Social media are ever more present in everyday life, reflecting and influencing behaviour. This is increasingly being recognized within the traditional financial sector, as evidence is mounting that Twitter sentiment can forecast asset prices. See for example Twitter as a tool for forecasting stock market movements: A short-window event study or Predictive Sentiment Analysis of Tweets: A Stock Market Application.
Looking to the future or past?
Within the crypto space, indicators are mainly technical, meaning that they are relying on past prices to predict future returns. Though sometimes effective, past prices do not capture changing market conditions. Prediction of asset prices means gathering information about the future, not about the past. A technical indicator cannot account for an impending change in regulation boosting the price, or a Pyramid scheme or scam dramatically causing the price to drop. This means that technical indicators (if they do seem to work for a short time) have only limited efficacy.
Exploring the future
With this in mind, we set out to see what sentiment analysis has to offer in relation to cryptocurrency prices.
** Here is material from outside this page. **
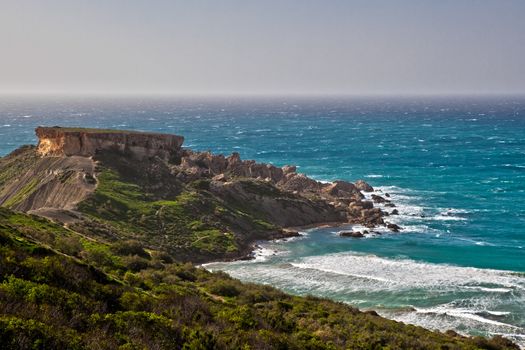 Ghajn Tuffieha Bay is one of the most beautiful and idyllic beaches on the island of Malta,surrounded by unique scenery and within an area of high ecological importance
More specifically, we started scraping and analysing Twitter data in order to gauge if this would prove to be a helpful indicator.
Without getting too technical, we gathered all Tweets about the 100+ largest cryptocurrencies over time (using so-called cashtags in order to minimize noise), using a Python-based code. Using this method, all the Tweets are scored using an algorithm that determines textual sentiment to see if they are positive or negative on a range from +1 to -1 (ie, a score of 1 means the Tweet is extremely positive).
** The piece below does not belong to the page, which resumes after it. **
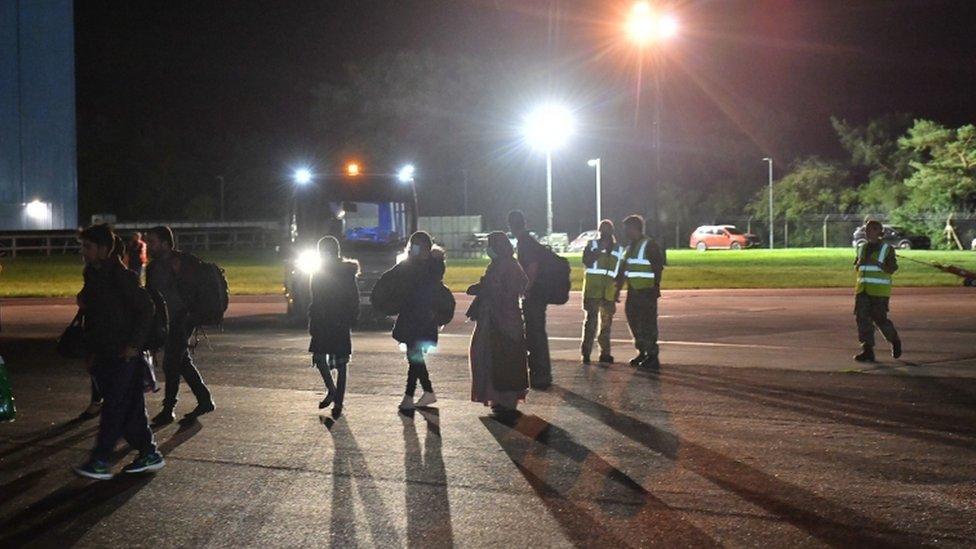 British nationals and Afghan evacuees depart a flight from Afghanistan at RAF Brize Norton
But before diving in to the technicals, first let’s have a look at the results. The plot in the title graph shows sentiment (polarity), a bull/bear indicator (which looks at short term sentiment compared to a longer term average) and the sum of market capitalisation of all cryptocurrencies analysed.
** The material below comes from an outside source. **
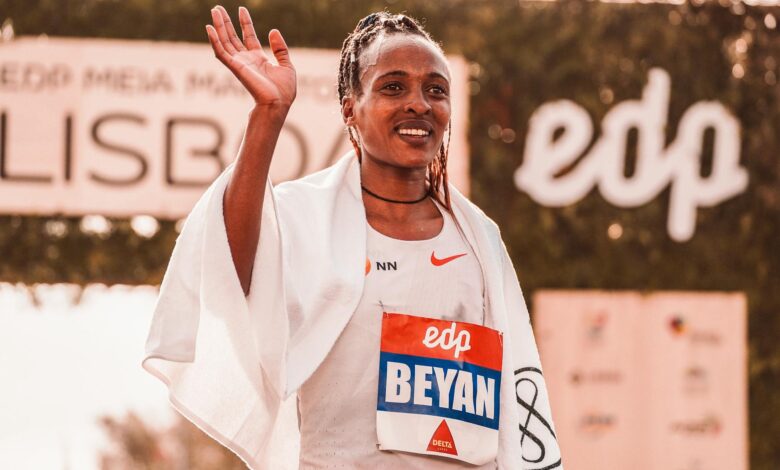 Triumphant female marathon runner celebrates victory wrapped in towel outdoors.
Interestingly it shows a decrease in sentiment prior to the market declining at the start of July. When markets started to pick up again sentiment was already recovering for a period. Though the sample is obviously too short to make any bold statements, there seems to be some value in using sentiment as an indicator.
That being said it cannot be stressed enough that all indicators are imperfect, and the future is always fuzzy. Moreover, this indicator should not used n isolation and adds value only by placing it in a broader context.
What about sentiment on an individual level?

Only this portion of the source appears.